The cooking oil market has been getting hotter ever since new biodiesel companies and ingenious diesel-making individuals started paying top dollar for the stuff. Greenlight Biofuels, located in Charlottesville, buys used oil legally from restaurants. Their regional manager Steve Blankenship states that the street price for a gallon of cooking oil can be as high as $4 a gallon. That's more than what straight-up gas costs in most areas. And when you can sell hundreds or thousands of gallons at a time, you're looking at a rather lucrative underground business model.
Oil thievery is a brand new kind of crime, as cooking oil only recently became valuable. Police still aren't entirely sure how to qualify it, though it certainly is commodity theft.
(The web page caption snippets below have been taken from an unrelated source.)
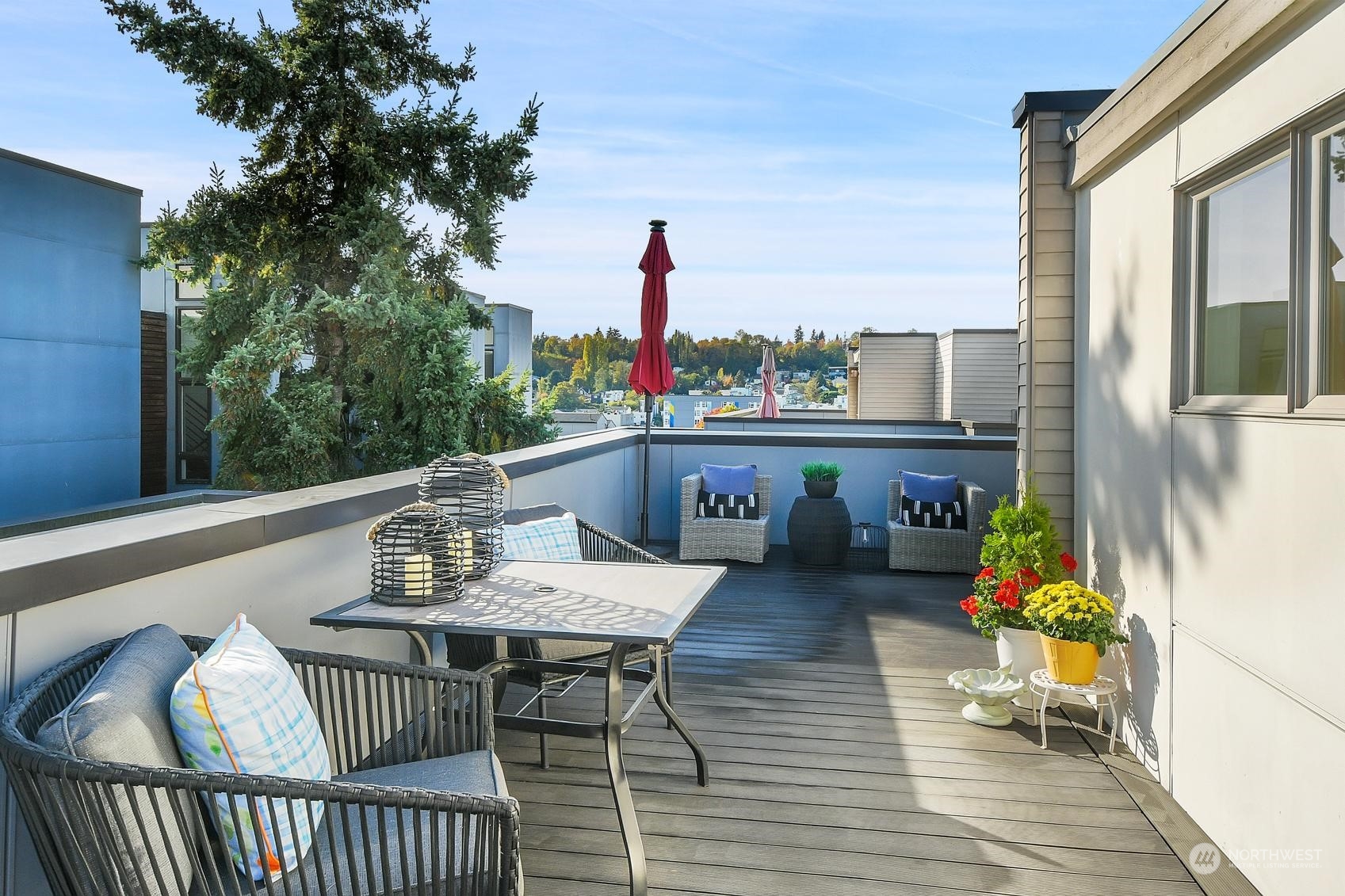 1907 25th Avenue South, Unit A Seattle, WA 98144 - Photo 18 of 23 a balcony with wooden floor table and chairs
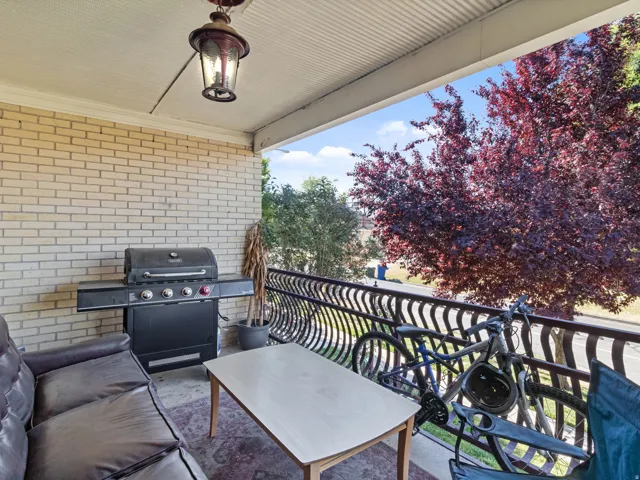 Front balcony for your grill or to sit and watch the world go by-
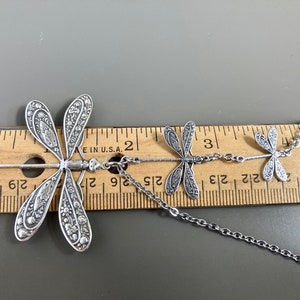 May include: Silver necklace with three dragonfly charms. The largest dragonfly is 2 inches long and the necklace is 24 inches long.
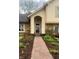 Inviting front entrance with a brick pathway and manicured garden at 1813 Birch Dr, Plainfield, IN 46168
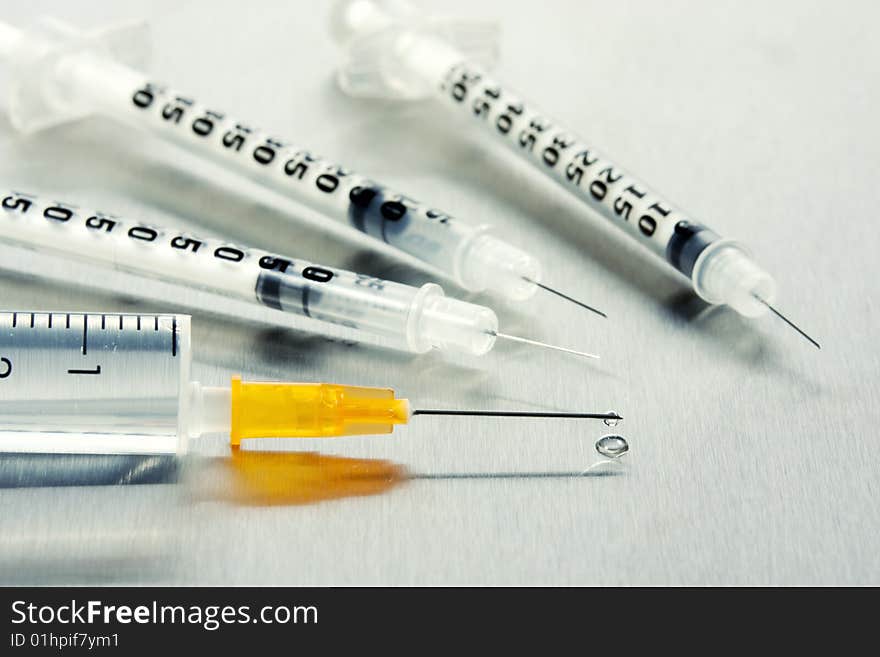 Syringes with hypodermic needle metal background. Syringes with hypodermic needle metal background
The two thieves arrested in Arlington were charged with grand larceny, but there's no standard for dealing with this kind of criminal activity just yet. While restaurants used to just throw out or give away their old cooking oil, now they can stand to profit from selling it--and they lose a good deal of cash if it's siphoned away.
Apparently, certain intrepid thieves--perhaps underground bio-activists?--have been stealing oil for years, but the recent spike in oil prices has finally caused police to take the crime more seriously. The thefts have been a major setback for both restaurants and their biodiesel company buyers in the DC area since March. Greenlight Biofuels claim that they've lost 5 to 10 percent of their business to these thieves, or about 20,000 gallons a month of potential commodity. Apparently, it's also possible to sell the oil to firms that will convert it to animal feed, although I imagine there are fewer buyers in that field than in biodiesel.
The Arlington arrest marks the first major police action against this new breed of green crime. I wonder if we'll continue to see more serious punishment for oil thieves as biodiesel grows in value and popularity.